Re: Raise your hand if you suffer from "Imposter Syndrome"
There seems quite a bit of difference between introspective evaluation of one's own abilities and accomplishments, a bit of self-doubt, and imposter syndrome's clinically persistent internalized fear of being exposed as a "fraud". I see this as a spectrum all people fall on to some degree or another with the possible disorder at both ends where those extremes impact many aspects of life:
Of course, I'm not a mental health professional and claim no real expertise here but find it interesting how this parallels the Autism Spectrum. I'm familiar with that spectrum due to interaction with friends and family being informally and formally 'on the spectrum'.
So far, for what self-diagnostics are worth; no less and no more: I feel I fall on the 'healthy self-evaluation' middle ground. I don't feel I am more intelligent than others (as I feel there are so many types of intelligence) and I don't feel I have deceived anyone otherwise.
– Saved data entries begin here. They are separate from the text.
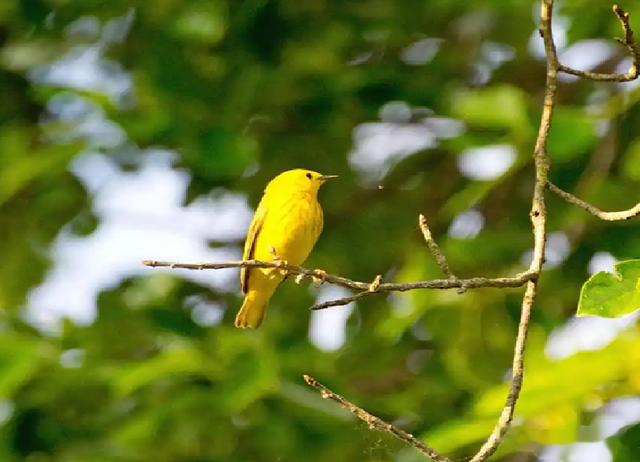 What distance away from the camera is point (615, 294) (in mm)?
2082

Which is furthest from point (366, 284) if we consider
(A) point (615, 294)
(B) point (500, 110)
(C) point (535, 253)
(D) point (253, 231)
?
(B) point (500, 110)

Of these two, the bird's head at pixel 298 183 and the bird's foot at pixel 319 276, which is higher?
the bird's head at pixel 298 183

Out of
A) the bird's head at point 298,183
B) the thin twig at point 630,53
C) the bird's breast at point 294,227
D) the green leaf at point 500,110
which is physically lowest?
the thin twig at point 630,53

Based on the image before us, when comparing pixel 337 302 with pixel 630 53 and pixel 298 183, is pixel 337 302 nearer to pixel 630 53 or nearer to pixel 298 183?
pixel 630 53

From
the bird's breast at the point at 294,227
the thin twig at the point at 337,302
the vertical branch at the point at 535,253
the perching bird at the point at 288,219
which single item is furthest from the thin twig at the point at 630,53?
the bird's breast at the point at 294,227

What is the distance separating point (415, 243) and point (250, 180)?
95 cm

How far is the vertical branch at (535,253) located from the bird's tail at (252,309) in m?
1.60

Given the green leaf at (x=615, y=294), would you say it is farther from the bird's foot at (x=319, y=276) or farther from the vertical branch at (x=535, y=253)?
the bird's foot at (x=319, y=276)

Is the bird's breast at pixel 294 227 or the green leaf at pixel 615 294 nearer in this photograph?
the green leaf at pixel 615 294

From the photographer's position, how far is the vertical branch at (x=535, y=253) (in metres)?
2.03

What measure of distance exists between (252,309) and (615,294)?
6.35 ft

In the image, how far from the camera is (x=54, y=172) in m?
5.65

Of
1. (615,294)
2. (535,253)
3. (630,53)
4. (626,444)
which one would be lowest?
(615,294)

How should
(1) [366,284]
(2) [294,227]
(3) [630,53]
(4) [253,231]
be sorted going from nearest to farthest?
(1) [366,284] → (3) [630,53] → (2) [294,227] → (4) [253,231] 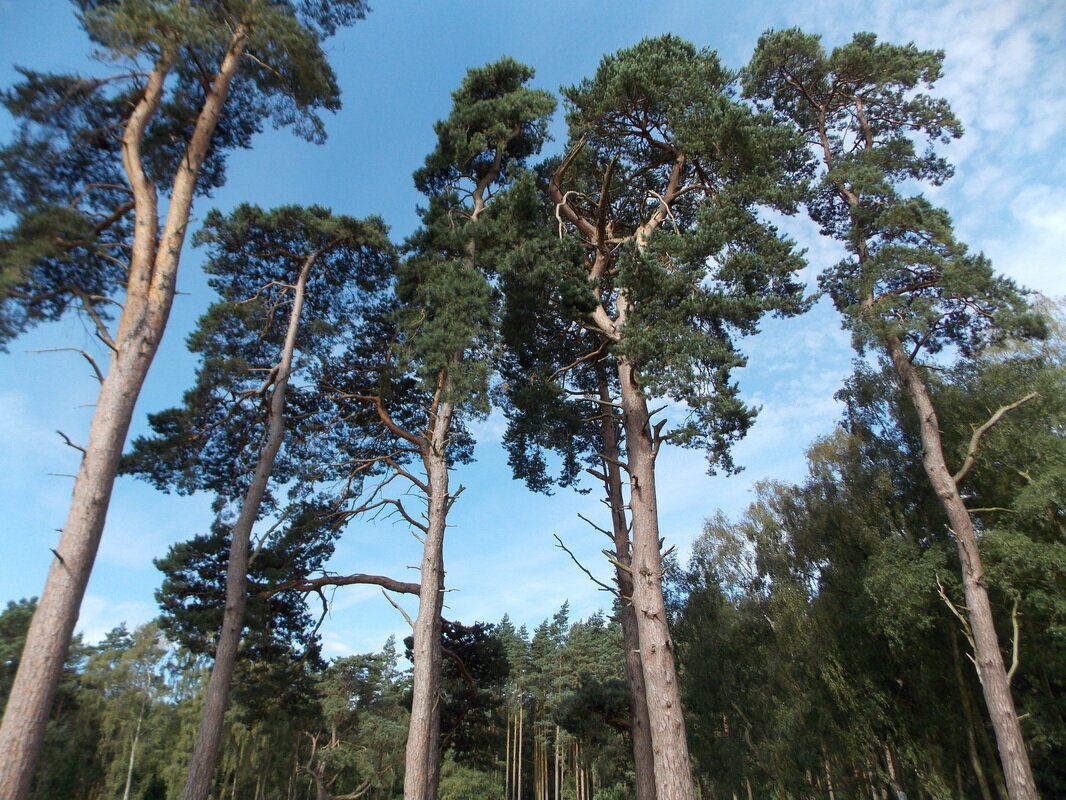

I do not feel my success is by luck, privilege, etc. - but by intense subject interest and willingness to put time towards my interest.
That said, I do feel from time to time that others wishing to enter the field overestimate how much 'intelligence' has been and will be a key factor in my successes. I recognize others may not have the aptitude to do the things I have done - but I am also keenly aware - others have aptitudes I do not. I'm not satisfied with my tasks unless I understand the mechanisms at play well enough to explain them to a child - but I would definitely apply to a job for which I did not seem a 'perfect fit' based upon the laundry list laid out in the advertisement.